Nicotine doesn't stick around your body for too long. It has a half-life of about 60 minutes, meaning that six hours after a cigarette, only about 0.031 mg of the 1 mg of nicotine you inhaled remains in your body.
How does your body get rid of nicotine? Here's the process:
About 80 percent of nicotine is broken down to cotinine by enzymes in your liver.
Nicotine is also metabolized in your lungs to cotinine and nicotine oxide.
Cotinine and other metabolites are excreted in your urine. Cotinine has a 24-hour half-life, so you can test whether or not someone has been smoking in the past day or two by screening his or her urine for cotinine.
The remaining nicotine is filtered from the blood by your kidneys and excreted in the urine.

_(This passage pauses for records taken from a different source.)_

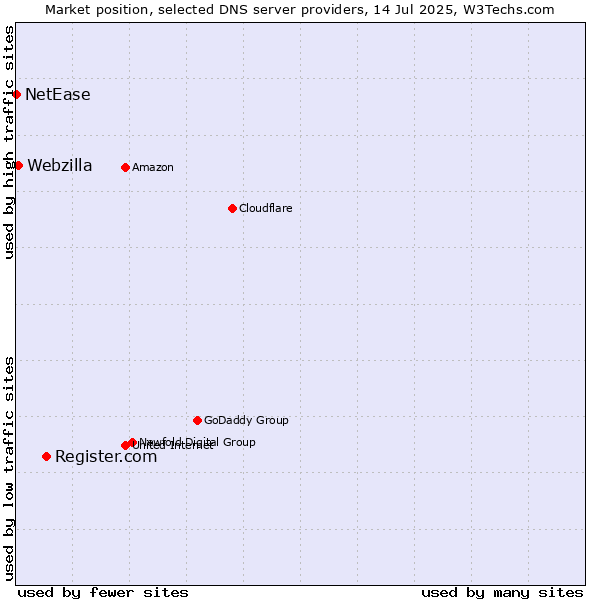 Market position of Register.com vs. Webzilla vs. NetEase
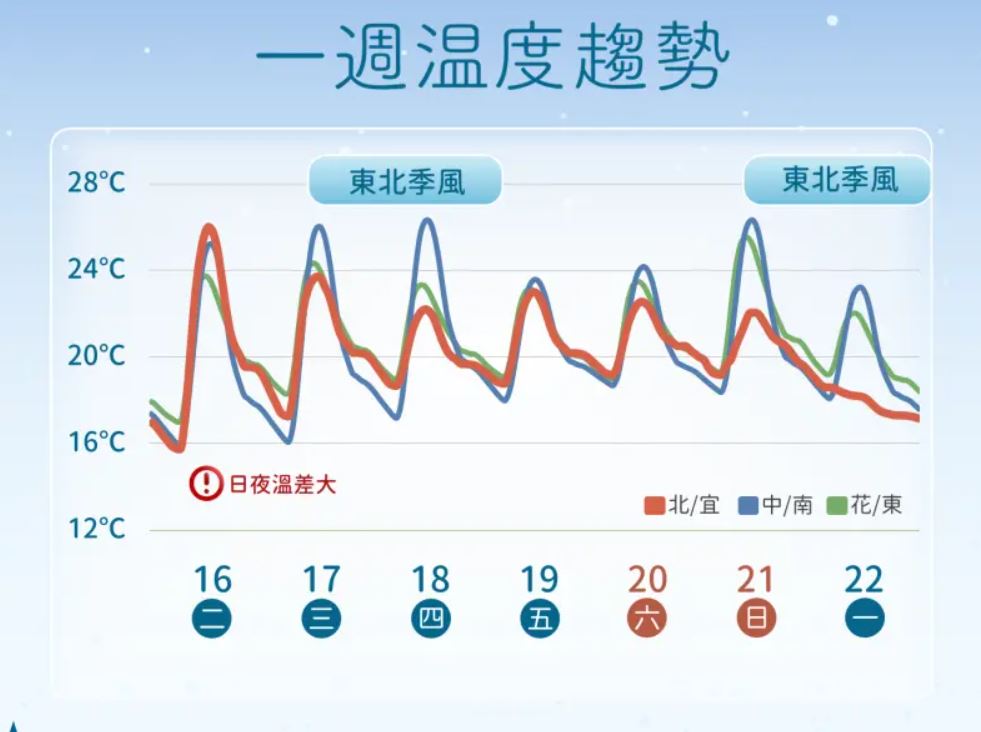 一周天氣降雨天氣預報溫度氣溫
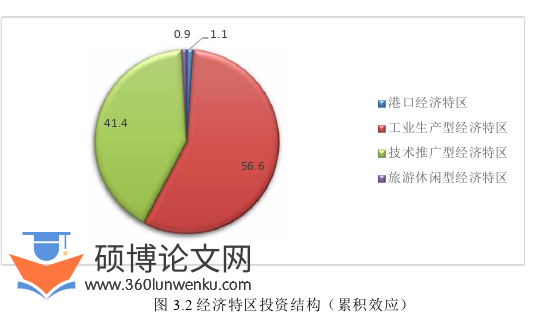 国际贸易论文怎么写
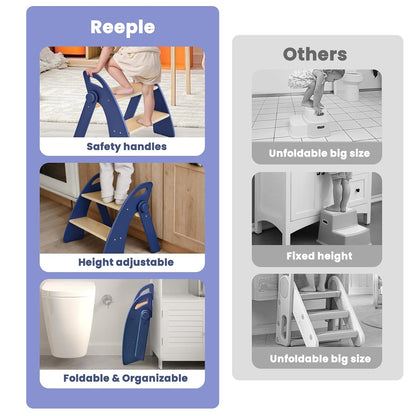 Wooden 2 Step Stool for Toddlers, Foldable 2-Step with Non-Slip Pads and Handles, Bamboo Step Stool for Kids Bathroom Sink and Potty Training, Kitchen Helper, Nursery Bedroom(Blue)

Different people metabolize nicotine at different rates. Some people even have a genetic defect in the enzymes in their liver that break down nicotine, whereby the mutant enzyme is much less effective at metabolizing nicotine than the normal variant. If a person has this gene, their blood and brain nicotine levels stay higher for longer after smoking a cigarette. Normally, people keep smoking cigarettes throughout the day to maintain a steady level of nicotine in their bodies. Smokers with this gene usually end up smoking many fewer cigarettes, because they don't constantly need more nicotine.